124 West 24th Street. Photo: CoStar Group
124 West 24th Street. Photo: CoStar Group

The air rights deals stretch back to at least 2015. In June 2015, Dagowitz’s company filed a $22 million suit against 136 Loft Corp. for breach of contract after an air rights deal for 26,000 square feet at 136 West 24th Street went south that January. That case has since been settled, sources said, and Daogwitz instead secured the air rights at 127 and 131 West 24th Streets.

On Nov. 3, 2016, Dagowitz nabbed three neighboring Chelsea properties from The Archdiocese of New York for $50.4 million, property records state. The deal included St. Vincent de Paul church at 123 West 23rd Street and apartment buildings at 116 West 24th Street and 120 West 24th Street. The deal came after the Vatican okayed the sale of the church early last year despite parishioner protestations.

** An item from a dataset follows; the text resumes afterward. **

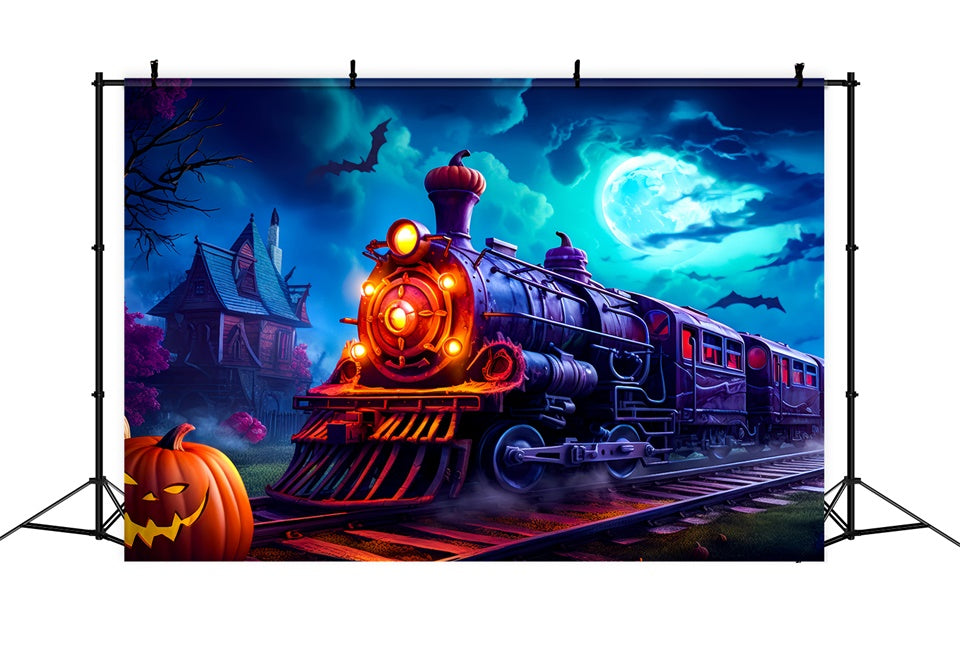 Sfondo Del Treno Espresso Di Zucca Stregata Di Halloween BRP8-201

At the time of the $50.4 million deal, Dagowitz received a $65 million loan from Bank of America, which in part paid off $12.6 million of debt on the Chelsea Bed & Breakfast, public documents show. Dagowitz bought the former inn at 131 West 23rd Street in February 2015 for $11.3 million, property records indicate. The Fisherman clan opened the inn in 1998.

While in May 2015 Dagowitz filed a permit with the city to demolish the four-story bed-and-breakfast building, sources said Dagowitz is contemplating uses for the entire 243,000-square-foot site.

There were no brokers involved in any of the deals, sources said, and Dagowitz was not reachable for comment.